Publicado em 22 de julho de 2024 às 05:00

Um professor e escritor frustrado foi encontrado morto pelo seu filho, deficiente visual, de apenas 11 anos. Tudo indica que morreu ao pular ou ser empurrado da janela de casa. Havia apenas uma pessoa no local, sua mulher, uma escritora germânica bem sucedida e, logo mais, suspeita de homicídio. Esse é o enredo do filme francês Anatomia de uma Queda de Justine Triet, estrelado pela alemã Sandra Huller, vencedor do Oscar de Melhor Roteiro Original. Uma oportunidade para compreender melhor o direito penal.
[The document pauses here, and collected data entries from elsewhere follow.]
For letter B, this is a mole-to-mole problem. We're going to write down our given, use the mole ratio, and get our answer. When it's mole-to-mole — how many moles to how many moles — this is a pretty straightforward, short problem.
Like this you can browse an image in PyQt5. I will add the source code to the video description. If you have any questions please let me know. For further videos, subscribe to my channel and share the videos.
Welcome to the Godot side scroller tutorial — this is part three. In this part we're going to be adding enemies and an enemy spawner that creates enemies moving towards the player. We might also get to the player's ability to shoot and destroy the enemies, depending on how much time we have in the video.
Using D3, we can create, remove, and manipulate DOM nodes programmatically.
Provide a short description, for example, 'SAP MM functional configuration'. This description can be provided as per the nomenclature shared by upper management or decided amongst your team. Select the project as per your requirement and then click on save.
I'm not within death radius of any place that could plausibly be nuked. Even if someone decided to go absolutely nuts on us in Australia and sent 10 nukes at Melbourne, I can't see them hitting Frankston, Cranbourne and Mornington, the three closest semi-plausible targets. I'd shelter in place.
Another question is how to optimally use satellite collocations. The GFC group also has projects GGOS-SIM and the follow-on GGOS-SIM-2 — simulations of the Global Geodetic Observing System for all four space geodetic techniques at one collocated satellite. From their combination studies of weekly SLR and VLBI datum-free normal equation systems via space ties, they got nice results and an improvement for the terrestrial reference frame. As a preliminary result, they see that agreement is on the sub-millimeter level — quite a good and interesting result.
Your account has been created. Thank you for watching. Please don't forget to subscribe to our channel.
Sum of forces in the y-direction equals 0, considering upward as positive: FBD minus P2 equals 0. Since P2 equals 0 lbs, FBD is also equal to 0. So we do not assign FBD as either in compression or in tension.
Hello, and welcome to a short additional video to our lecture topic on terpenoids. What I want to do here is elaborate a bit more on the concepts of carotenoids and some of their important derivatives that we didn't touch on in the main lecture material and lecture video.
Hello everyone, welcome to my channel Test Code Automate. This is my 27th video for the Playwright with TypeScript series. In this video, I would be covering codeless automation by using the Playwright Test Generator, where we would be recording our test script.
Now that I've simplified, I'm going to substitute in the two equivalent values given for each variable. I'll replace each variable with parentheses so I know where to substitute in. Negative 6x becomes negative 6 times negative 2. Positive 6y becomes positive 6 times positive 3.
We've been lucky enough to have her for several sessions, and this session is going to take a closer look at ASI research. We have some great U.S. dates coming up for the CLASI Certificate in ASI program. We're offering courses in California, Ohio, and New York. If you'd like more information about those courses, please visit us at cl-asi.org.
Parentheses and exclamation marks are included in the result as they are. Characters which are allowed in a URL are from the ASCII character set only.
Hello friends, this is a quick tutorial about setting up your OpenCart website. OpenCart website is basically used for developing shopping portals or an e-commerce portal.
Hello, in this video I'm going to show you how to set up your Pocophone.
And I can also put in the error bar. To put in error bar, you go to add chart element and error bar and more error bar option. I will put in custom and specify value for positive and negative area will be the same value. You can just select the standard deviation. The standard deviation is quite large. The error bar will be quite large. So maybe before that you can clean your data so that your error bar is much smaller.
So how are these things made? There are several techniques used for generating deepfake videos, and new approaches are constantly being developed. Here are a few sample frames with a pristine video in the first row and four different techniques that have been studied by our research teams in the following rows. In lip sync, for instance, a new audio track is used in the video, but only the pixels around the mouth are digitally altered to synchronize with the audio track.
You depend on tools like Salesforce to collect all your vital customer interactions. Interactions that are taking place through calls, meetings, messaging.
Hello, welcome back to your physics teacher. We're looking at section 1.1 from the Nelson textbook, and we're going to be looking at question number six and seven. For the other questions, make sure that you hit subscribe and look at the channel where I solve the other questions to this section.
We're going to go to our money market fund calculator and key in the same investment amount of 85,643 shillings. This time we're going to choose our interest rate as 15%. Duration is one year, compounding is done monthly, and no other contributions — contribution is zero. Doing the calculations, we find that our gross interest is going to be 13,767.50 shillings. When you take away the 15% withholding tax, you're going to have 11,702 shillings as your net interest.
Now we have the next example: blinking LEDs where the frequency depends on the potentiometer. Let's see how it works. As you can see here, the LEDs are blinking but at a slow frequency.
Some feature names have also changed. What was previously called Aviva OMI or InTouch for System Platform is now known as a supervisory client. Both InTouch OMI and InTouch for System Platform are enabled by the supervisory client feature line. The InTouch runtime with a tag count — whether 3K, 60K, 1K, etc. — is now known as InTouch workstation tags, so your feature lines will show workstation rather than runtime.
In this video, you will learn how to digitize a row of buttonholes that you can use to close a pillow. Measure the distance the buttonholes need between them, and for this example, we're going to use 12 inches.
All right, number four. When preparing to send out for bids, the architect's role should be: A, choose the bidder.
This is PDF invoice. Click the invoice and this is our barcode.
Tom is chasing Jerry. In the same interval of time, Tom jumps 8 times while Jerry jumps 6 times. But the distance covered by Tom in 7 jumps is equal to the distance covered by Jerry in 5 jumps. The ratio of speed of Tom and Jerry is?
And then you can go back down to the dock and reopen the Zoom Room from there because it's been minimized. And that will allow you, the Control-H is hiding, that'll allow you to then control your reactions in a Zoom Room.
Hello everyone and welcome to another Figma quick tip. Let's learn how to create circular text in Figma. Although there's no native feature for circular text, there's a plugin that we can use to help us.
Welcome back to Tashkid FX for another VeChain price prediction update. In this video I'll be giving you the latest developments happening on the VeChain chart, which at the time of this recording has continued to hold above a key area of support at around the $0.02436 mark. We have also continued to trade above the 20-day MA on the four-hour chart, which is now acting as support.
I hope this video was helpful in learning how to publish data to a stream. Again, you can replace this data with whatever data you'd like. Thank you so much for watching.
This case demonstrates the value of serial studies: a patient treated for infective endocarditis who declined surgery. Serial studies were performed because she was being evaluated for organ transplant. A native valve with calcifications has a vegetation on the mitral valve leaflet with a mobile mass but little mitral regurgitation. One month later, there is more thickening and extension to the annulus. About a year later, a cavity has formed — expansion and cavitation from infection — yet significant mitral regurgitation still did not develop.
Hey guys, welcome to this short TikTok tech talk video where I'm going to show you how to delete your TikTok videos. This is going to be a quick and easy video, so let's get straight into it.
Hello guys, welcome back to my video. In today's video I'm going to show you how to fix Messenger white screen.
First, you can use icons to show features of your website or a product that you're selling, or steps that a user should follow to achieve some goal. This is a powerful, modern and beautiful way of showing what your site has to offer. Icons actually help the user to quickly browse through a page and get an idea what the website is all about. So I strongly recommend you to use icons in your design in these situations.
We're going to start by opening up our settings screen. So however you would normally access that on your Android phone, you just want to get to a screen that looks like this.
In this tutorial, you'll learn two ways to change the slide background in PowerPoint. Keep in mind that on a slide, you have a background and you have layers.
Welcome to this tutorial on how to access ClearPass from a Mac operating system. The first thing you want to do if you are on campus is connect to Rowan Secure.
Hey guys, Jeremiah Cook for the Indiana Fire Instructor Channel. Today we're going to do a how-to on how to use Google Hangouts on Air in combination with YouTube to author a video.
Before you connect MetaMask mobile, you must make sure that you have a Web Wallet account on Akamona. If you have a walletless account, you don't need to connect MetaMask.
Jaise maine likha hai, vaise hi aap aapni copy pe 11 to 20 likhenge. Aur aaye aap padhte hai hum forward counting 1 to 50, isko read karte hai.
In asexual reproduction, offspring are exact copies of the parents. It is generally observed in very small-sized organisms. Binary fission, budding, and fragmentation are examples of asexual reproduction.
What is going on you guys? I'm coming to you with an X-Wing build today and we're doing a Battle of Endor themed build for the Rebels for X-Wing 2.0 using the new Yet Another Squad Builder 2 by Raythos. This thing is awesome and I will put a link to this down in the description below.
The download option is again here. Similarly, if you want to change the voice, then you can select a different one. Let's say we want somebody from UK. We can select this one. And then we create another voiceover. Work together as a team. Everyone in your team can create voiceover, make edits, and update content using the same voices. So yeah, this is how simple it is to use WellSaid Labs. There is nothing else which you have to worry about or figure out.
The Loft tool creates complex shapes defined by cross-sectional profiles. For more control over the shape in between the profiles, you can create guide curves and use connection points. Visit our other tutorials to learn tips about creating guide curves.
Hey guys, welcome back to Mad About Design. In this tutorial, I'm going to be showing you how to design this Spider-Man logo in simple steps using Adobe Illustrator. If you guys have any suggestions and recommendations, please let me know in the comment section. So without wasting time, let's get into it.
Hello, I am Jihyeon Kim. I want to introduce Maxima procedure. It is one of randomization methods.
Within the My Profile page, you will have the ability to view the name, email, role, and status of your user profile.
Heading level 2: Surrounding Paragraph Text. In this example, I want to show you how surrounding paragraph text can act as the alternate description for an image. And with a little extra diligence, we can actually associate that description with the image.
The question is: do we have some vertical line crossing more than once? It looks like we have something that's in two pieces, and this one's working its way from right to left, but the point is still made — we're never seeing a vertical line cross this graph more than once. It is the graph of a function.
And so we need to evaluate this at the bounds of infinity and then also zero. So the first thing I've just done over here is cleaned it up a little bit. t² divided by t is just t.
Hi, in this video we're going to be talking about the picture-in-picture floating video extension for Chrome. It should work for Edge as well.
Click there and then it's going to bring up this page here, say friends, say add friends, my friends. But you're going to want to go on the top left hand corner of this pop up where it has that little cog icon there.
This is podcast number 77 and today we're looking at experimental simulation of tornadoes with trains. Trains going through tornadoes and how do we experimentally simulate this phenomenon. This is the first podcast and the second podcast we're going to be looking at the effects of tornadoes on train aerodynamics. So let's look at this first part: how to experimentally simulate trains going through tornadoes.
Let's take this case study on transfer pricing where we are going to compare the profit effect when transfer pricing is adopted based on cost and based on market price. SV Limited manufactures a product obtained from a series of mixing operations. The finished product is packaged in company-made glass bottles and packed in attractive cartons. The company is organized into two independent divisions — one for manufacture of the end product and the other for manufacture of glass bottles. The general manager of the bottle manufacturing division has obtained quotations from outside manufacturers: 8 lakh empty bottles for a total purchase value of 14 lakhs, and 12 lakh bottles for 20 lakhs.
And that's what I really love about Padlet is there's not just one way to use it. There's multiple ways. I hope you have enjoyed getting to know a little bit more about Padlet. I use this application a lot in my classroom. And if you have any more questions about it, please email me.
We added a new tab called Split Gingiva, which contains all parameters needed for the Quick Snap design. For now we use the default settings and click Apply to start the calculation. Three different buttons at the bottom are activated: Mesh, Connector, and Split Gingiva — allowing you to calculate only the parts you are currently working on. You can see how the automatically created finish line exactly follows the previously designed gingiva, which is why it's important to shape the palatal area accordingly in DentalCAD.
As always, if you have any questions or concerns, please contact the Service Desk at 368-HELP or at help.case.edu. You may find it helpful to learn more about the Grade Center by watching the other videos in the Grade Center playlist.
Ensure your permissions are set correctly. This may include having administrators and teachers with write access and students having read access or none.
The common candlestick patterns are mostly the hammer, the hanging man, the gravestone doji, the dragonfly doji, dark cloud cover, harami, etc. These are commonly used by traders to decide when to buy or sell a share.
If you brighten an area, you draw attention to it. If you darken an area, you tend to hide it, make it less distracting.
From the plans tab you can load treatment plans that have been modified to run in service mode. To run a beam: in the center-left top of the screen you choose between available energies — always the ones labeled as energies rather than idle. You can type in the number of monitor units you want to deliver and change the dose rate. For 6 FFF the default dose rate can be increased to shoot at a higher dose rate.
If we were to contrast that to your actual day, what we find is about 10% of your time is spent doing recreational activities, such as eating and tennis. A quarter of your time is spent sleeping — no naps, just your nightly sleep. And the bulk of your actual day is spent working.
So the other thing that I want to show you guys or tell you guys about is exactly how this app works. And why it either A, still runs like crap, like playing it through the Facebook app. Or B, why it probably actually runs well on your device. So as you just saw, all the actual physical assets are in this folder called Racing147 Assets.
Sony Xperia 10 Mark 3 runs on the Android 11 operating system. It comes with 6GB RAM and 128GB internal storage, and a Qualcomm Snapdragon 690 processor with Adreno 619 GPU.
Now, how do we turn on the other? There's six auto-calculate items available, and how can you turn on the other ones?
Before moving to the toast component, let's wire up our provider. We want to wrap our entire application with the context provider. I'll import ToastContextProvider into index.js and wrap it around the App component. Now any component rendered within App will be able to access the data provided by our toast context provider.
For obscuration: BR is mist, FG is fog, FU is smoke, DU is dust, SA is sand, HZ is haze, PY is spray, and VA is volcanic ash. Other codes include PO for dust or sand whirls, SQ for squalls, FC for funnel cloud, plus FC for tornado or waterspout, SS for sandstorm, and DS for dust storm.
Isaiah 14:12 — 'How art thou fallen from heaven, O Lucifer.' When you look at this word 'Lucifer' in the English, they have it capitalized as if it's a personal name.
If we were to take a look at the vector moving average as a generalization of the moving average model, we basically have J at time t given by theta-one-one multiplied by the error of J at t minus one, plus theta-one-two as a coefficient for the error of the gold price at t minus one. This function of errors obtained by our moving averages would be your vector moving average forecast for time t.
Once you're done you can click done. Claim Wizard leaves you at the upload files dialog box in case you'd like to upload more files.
Nos grandes filmes, cada detalhe tem alguma função. O fato de a acusada vir de outro país não foge à regra. Para começar, os réus costumam ser tratados como os “diferentes”, “anormais”, com padrões morais diversos, enfim, como “estrangeiros”. Brasileiros que sofrem imputações penais no Brasil são tratados como se fossem alemães. Aliás, talvez seria melhor dizer que réus brasileiros são tratados como africanos, uma vez que a nossa justiça é bem mais severa com negros que com brancos, assim como as demonstrações de xenofobia por aqui. São diferentes de “nós”, por isso merecem sofrer.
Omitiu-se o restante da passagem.